GVH chronique La physiopathologie de la GVH chronique est moins bien connue mais les lymphocytes T auto-immuns semblent jouer un rôle majeur. Pour la compréhension de la physiopathologie de la GVH chronique, un modèle murin a été utilisé. Il n’est toutefois pas très pertinent pour la GVH chronique humaine, d’une part parce que les cellules B ne survivent pas après une greffe de moelle osseuse chez l’homme et d’autre part parce que, chez l’homme, la glomérulonéphrite est une manifestation inhabituelle de la GVH chronique. Néanmoins, ce modèle a permis de mettre en évidence des éléments-clés dans le mécanisme de la GVH chronique humaine : – la physiopathologie de la GVH chronique est dépendante de la présence continue de cellules T du donneur réactives à l’hôte ; – l’activation des lymphocytes TH-2 est prédominante dans la GVH chronique. Les études chez la souris et chez l’homme ont révélé une involution de l’épithélium du thymus, une déplétion des lymphocytes, une modification de l’aspect des corpuscules de Hassal et une perte de la fonction thymique, en particulier l’élimination des clones T auto-immuns. Le thymus est endommagé par le conditionnement prégreffe, la GVH aiguë et l’âge21,22. Pris ensemble, ces éléments suggèrent que la GVH chronique pourrait être due à une réponse immune de type “TH-2” des cellules CD4 du donneur qui échappent à la sélection négative du thymus et qui reconnaissent les antigènes du CMH des CPA de l’hôte. Ces clones T auto-immuns du donneur entraînent des lésions tissulaires par infiltration directe et dysrégulation des cytokines. Ils produisent une réponse cytokinique TH-2, notamment de l’IL-4 qui favorise la production d’auto-anticorps (contre des antigènes tissulaires variés de l’hôte) et d’IL-10 qui inhibe la production d’anticorps contre les antigènes de l’environnement13,23. Le modèle présenté par Ferrara et al.8 propose un rôle différentiel des cytokines de profil TH-1 et TH-2, avec la dichotomie suivante : les cytokines TH-1 sont associées à la GVH aiguë, les cytokines TH-2 sont associées à la GVH chronique.
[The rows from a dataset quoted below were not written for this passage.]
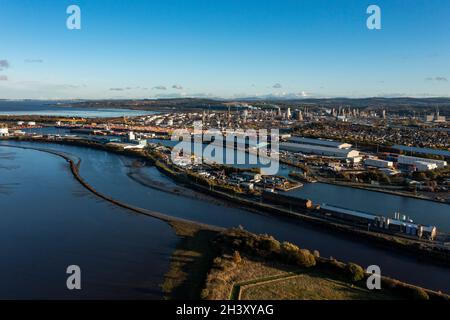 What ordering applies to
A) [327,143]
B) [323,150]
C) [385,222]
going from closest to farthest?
[385,222] < [323,150] < [327,143]

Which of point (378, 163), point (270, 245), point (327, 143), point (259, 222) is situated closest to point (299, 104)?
point (327, 143)

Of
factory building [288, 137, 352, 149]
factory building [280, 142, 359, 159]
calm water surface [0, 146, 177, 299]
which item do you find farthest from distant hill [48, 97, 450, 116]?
calm water surface [0, 146, 177, 299]

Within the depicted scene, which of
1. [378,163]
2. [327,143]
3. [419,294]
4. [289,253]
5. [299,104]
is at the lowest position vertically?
[419,294]

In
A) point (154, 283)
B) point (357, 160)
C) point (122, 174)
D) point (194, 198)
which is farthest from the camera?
point (357, 160)

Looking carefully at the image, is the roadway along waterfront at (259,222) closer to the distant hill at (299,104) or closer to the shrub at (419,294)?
the shrub at (419,294)

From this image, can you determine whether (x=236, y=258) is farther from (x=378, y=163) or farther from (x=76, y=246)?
(x=378, y=163) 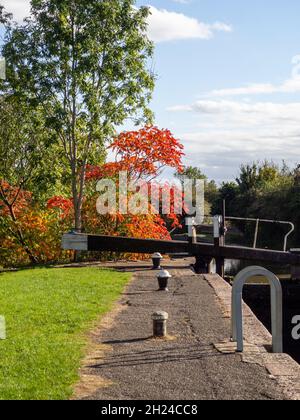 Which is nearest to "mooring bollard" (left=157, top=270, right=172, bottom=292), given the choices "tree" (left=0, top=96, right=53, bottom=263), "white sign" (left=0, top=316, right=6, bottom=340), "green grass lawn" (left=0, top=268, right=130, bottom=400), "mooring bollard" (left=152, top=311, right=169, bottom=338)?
"green grass lawn" (left=0, top=268, right=130, bottom=400)

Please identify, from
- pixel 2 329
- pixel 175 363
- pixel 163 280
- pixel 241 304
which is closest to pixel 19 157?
pixel 163 280

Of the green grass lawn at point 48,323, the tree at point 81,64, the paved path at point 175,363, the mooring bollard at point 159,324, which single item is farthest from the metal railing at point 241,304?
the tree at point 81,64

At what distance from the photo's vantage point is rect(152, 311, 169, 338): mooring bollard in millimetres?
7992

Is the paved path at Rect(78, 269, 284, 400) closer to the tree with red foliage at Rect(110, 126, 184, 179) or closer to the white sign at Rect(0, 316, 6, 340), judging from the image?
the white sign at Rect(0, 316, 6, 340)

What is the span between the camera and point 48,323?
8.77m

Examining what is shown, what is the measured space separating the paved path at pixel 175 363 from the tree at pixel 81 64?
8.86m

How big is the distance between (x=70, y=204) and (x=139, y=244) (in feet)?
33.0

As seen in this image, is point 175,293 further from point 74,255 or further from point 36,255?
point 36,255

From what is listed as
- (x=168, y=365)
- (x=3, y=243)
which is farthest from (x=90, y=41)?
(x=168, y=365)

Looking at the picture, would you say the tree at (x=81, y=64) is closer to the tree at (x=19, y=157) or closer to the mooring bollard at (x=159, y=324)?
the tree at (x=19, y=157)

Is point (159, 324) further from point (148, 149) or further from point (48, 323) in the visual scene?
point (148, 149)

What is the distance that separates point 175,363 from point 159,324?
1.35 m

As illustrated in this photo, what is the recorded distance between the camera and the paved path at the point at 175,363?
570 centimetres

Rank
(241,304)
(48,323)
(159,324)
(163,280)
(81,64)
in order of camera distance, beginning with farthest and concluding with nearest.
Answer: (81,64)
(163,280)
(48,323)
(159,324)
(241,304) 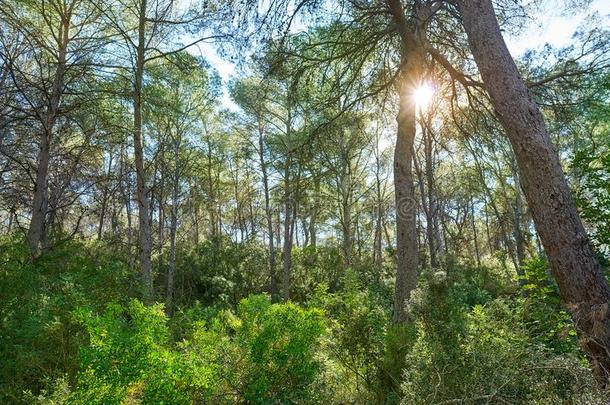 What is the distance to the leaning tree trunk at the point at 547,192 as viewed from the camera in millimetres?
2641

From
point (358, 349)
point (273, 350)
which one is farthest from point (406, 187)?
point (273, 350)

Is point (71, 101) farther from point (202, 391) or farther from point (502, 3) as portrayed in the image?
point (502, 3)

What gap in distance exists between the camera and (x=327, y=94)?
21.4ft

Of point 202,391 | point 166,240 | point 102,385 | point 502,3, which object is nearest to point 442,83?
point 502,3

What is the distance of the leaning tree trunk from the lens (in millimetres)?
2641

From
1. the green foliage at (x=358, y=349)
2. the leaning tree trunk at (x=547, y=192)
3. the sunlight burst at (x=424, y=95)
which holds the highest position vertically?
the sunlight burst at (x=424, y=95)

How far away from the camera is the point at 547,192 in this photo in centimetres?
294

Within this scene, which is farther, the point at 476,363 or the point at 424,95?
the point at 424,95

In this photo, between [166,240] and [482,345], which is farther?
[166,240]

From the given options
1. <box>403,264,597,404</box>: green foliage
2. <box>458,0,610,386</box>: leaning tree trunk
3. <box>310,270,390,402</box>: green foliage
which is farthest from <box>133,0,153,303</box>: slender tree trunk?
<box>458,0,610,386</box>: leaning tree trunk

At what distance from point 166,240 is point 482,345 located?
62.1 feet

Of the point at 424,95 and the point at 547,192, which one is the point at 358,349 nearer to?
the point at 547,192

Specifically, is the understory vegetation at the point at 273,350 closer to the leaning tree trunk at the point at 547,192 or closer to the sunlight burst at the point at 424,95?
the leaning tree trunk at the point at 547,192

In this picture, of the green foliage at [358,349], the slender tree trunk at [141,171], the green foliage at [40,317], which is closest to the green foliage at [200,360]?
the green foliage at [358,349] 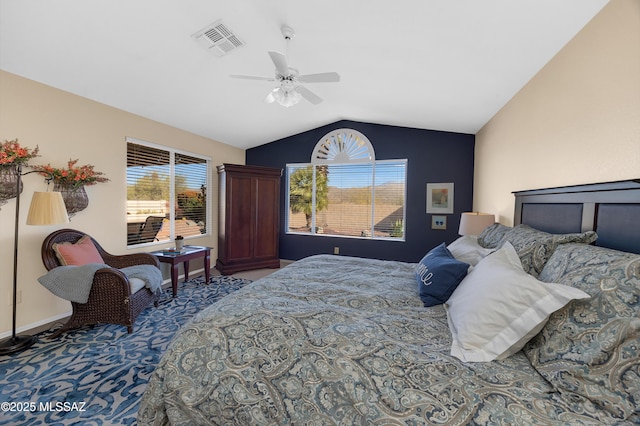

Ce schéma n’est sans doute pas si simple. Les cellules T du donneur produisent des cytokines TH-1, pourtant il a été démontré chez la souris que l’administration de cytokines comme l’IL-2 ou l’IFNγ permettait d’atténuer la GVH aiguë. Muraille et Leo24 ont proposé l’existence d’une boucle de régulation « ,/,/ », qui pourrait modifier la balance TH-1/TH-2. L’IL-12 a normalement pour rôle d’induire la différenciation des lymphocytes T naïfs en lymphocytes de profil TH-1. Elle induit une réponse inflammatoire TH-1, inhibée par l’IL-10. Il a été démontré qu’une production spontanée et importante d’IL-10 lors des premières étapes de la greffe aurait un rôle protecteur vis-à-vis de la GVH25. L’IL-10 exercerait donc un rôle anti-inflammatoire TH-2 et serait induite par l’IL-12. L’IL-12 aurait alors pour action d’induire progressivement une réponse TH-2 à la place d’une réponse TH-1, et la production d’IL-1026.

Signes cliniques GVH aiguë Le diagnostic de la GVH aiguë est d’abord différentiel ; il faut éliminer une des affections suivantes : toxidermie, éruption virale, hépatite médicamenteuse ou virale, maladie veino-occlusive ou diarrhée infectieuse. Ensuite, le diagnostic est fondé sur les signes cliniques et histologiques. Les organes les plus fréquemment atteints au cours de la GVH aiguë sont la peau, le système digestif et le foie. Les symptômes peuvent survenir sur un organe ou plusieurs selon différentes combinaisons. Pour ces trois organes, les lésions caractéristiques consistent en une destruction des cellules épithéliales associée à un infiltrat inflammatoire modéré. Au niveau de la peau et du tube digestif, on observe une dégénérescence de l’épithélium et au niveau du foie, une nécrose des hépatocytes et de l’épithélium des canaux biliaires. Mais d’autres tissus peuvent être impliqués comme le poumon27, le cœur, les reins et la vessie, la conjonctive, les glandes exocrines. GVH cutanée La GVH aiguë apparaît initialement sous forme d’une atteinte cutanée. Elle se manifeste par un rash maculo-papuleux, inflammatoire, d’évolution fluctuante, pouvant s’accompagner ou être précédé d’un prurit de la paume des mains et de la plante des pieds ou d’une sensation de brûlure. Dans un premier temps, l’atteinte de la paume des mains et de la plante des pieds, du thorax, de la face latérale du cou et des oreilles est évocatrice. L’éruption peut progresser sur le tronc, à la racine des membres, et dans les cas les plus sévères, à l’ensemble du tégument. Ceci réalise alors une érythrodermie qui peut se compliquer de formations bulleuses similaires à une brûlure du 3e degré, par rupture au niveau de la jonction dermo-épidermique voire d’une desquamation.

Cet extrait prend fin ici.